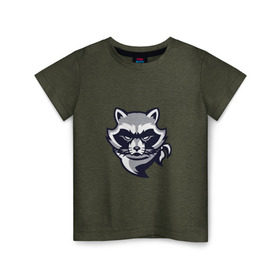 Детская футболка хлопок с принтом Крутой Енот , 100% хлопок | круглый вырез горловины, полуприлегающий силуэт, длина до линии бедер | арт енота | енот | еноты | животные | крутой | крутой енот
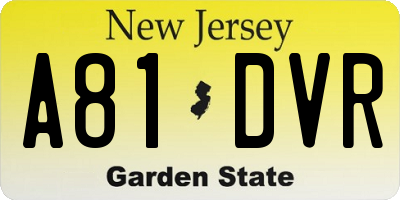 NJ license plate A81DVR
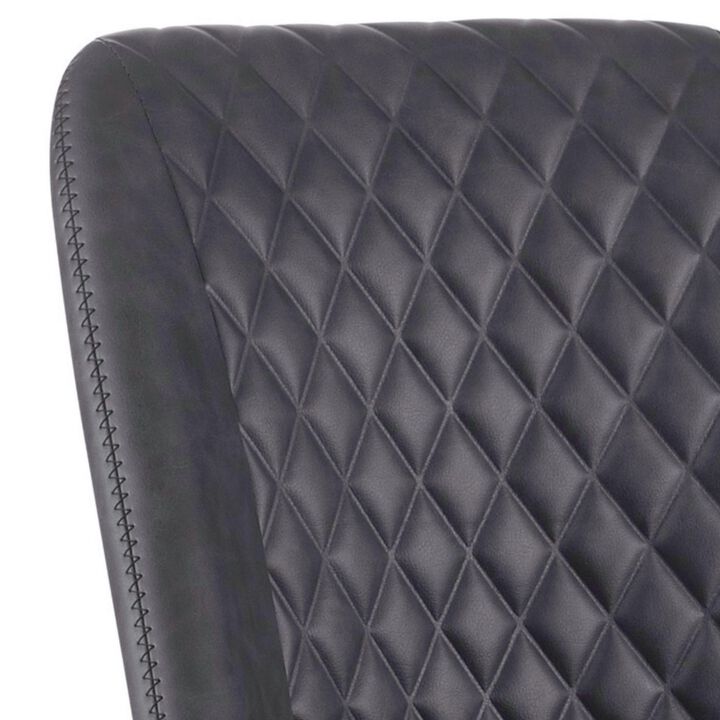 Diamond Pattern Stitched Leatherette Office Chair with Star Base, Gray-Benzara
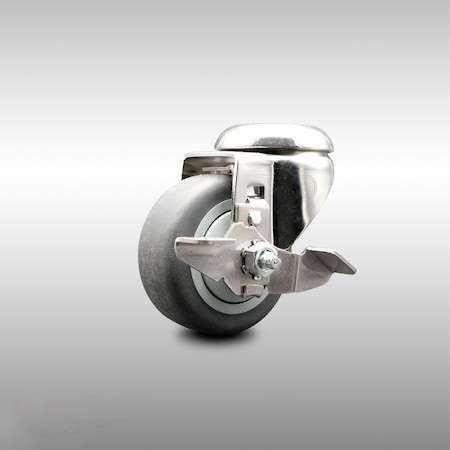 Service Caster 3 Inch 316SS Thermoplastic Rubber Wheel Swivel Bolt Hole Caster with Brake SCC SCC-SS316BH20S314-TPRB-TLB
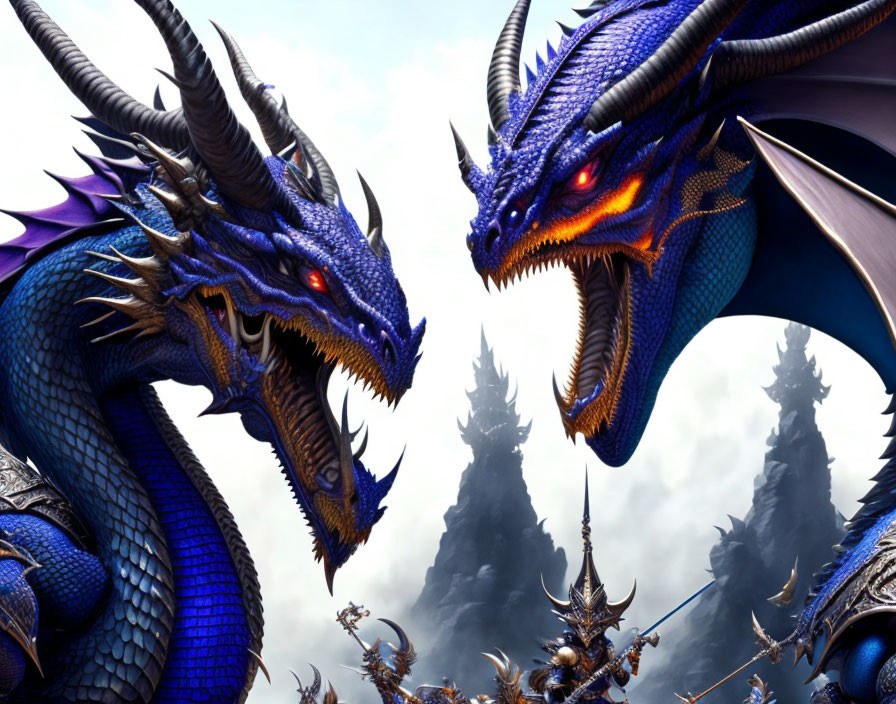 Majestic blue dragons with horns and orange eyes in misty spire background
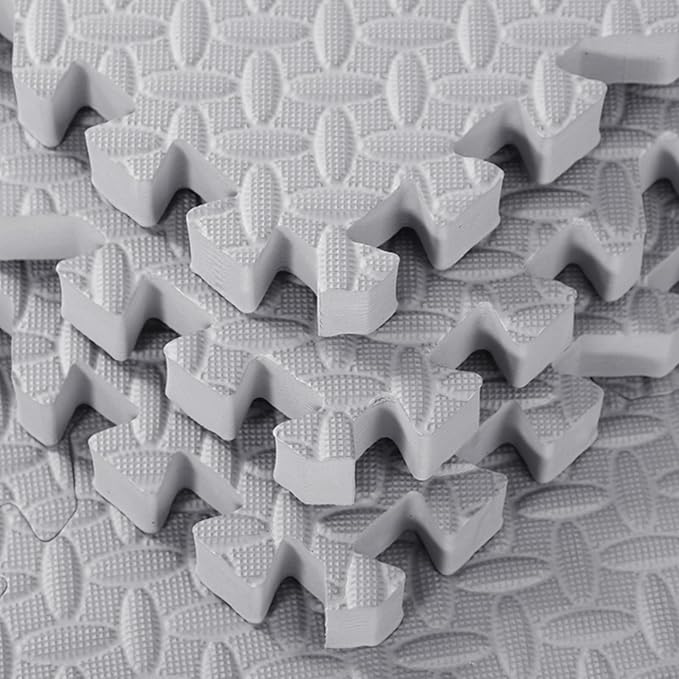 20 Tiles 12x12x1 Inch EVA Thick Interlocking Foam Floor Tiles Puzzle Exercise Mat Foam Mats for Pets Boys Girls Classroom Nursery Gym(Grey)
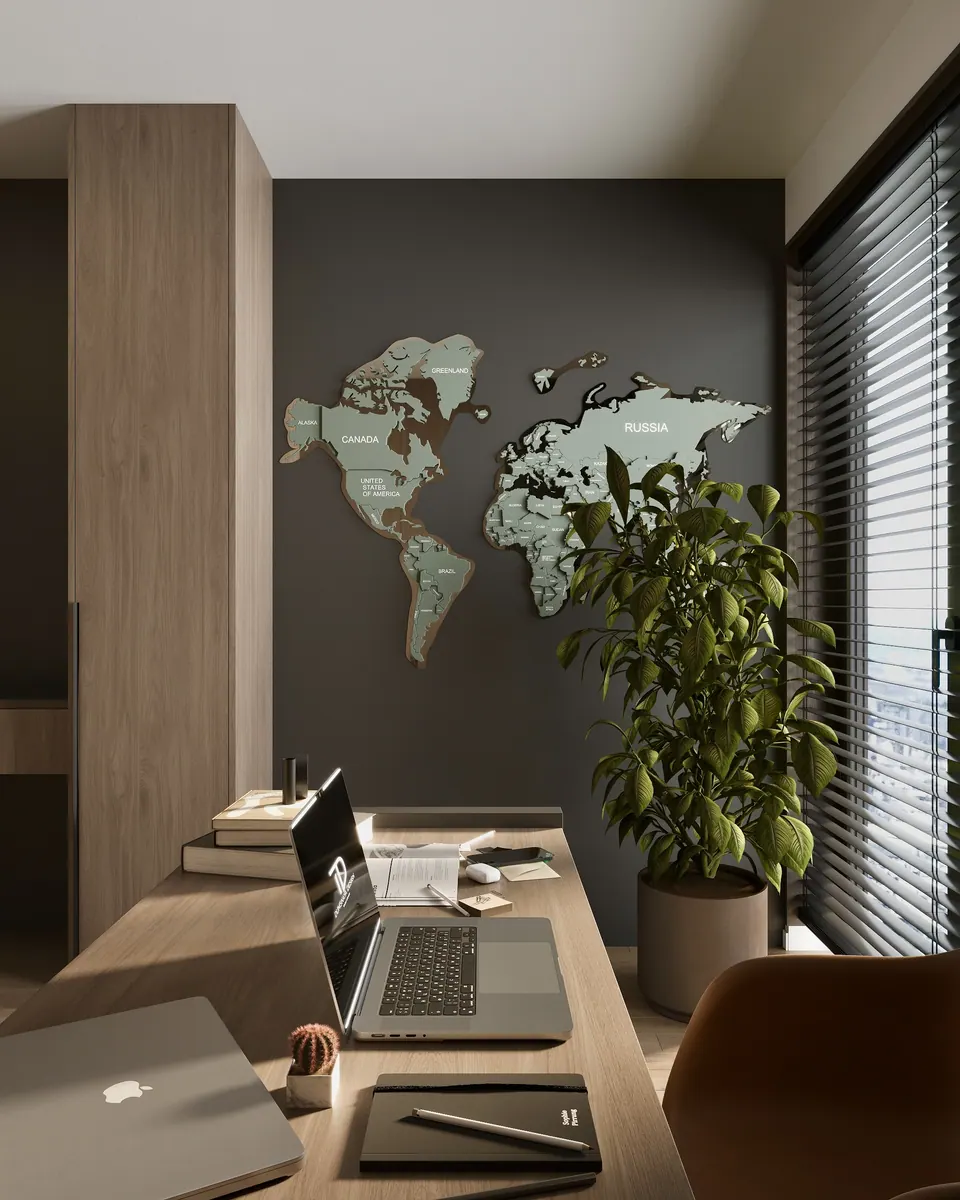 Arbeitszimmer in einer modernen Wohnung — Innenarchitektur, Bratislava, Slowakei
--
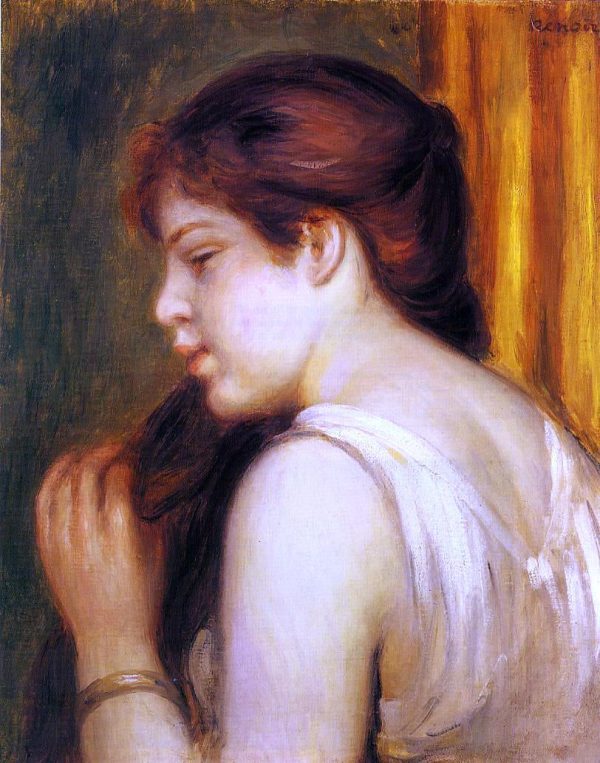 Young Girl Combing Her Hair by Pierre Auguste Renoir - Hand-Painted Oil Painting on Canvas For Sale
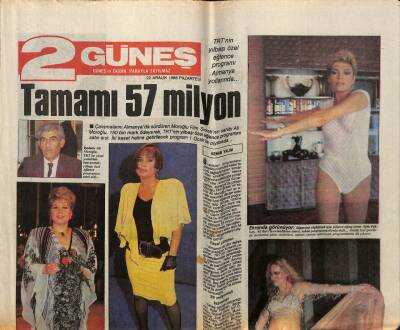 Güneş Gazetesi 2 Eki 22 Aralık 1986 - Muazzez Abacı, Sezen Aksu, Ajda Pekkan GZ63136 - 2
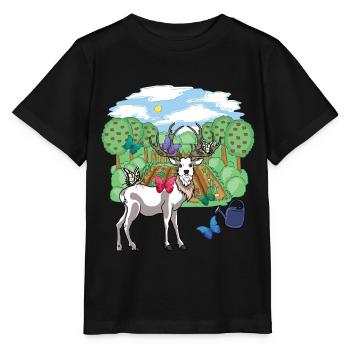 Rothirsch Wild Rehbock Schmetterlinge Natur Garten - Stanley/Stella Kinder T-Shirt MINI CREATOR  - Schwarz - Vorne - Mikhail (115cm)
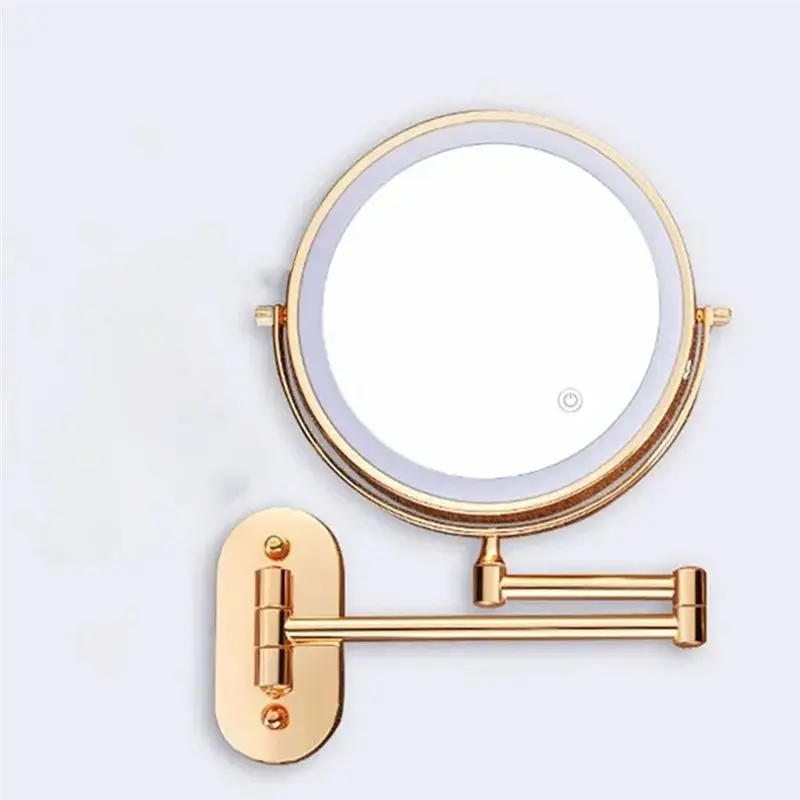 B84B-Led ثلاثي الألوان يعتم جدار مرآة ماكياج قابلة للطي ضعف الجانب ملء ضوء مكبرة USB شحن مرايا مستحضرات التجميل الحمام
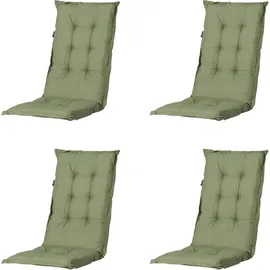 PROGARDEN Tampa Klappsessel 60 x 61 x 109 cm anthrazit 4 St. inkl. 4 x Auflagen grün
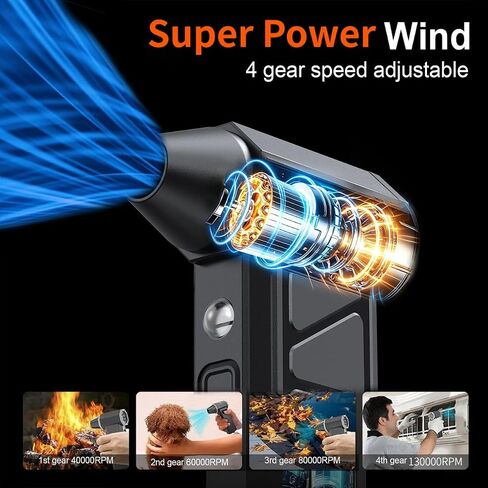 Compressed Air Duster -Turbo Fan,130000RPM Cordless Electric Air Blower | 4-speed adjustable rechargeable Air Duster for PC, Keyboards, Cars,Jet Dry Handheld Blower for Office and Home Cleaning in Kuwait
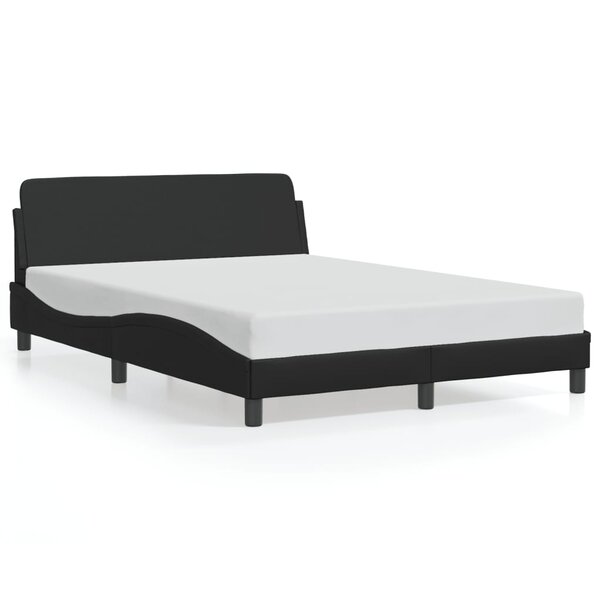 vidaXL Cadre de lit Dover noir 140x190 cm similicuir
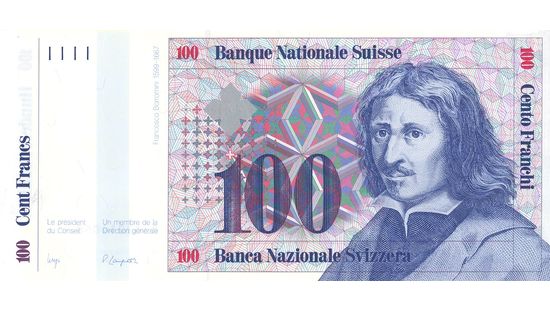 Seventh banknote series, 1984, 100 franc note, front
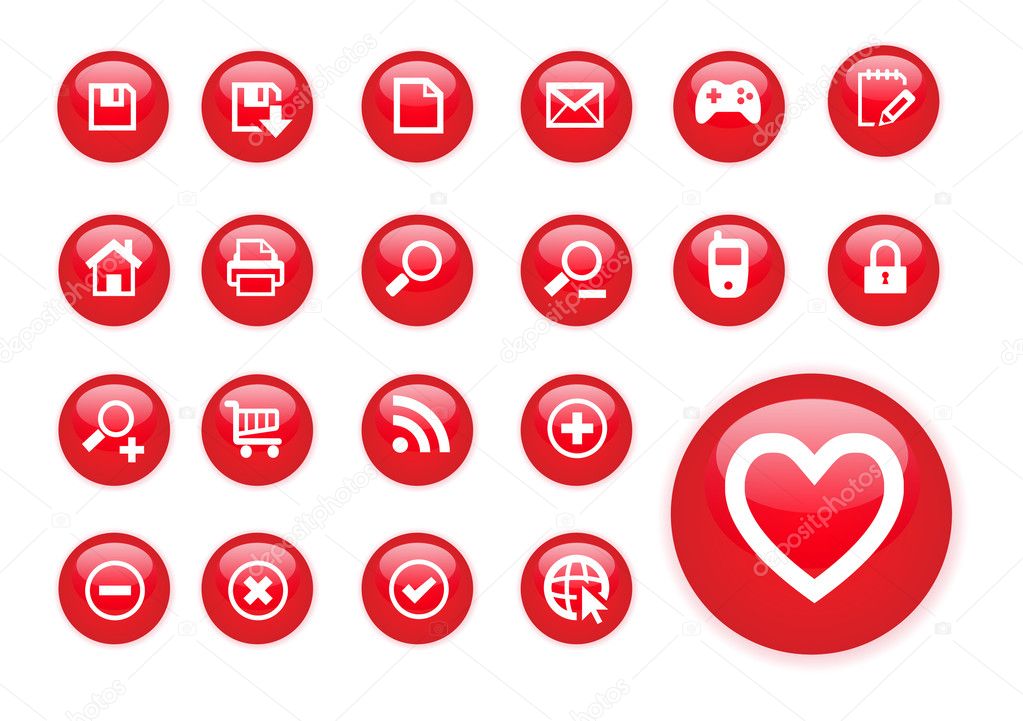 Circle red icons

**What you have to do**
Of all the material above, only the lines from the one that has "Diamond Pattern Stitched" down to the one that has "Majestic blue dragons" are to be written out, exactly and with both ends included. Pictures are skipped.

**Expected output**
 Diamond Pattern Stitched Leatherette Office Chair with Star Base, Gray-Benzara
 Service Caster 3 Inch 316SS Thermoplastic Rubber Wheel Swivel Bolt Hole Caster with Brake SCC SCC-SS316BH20S314-TPRB-TLB
 Majestic blue dragons with horns and orange eyes in misty spire background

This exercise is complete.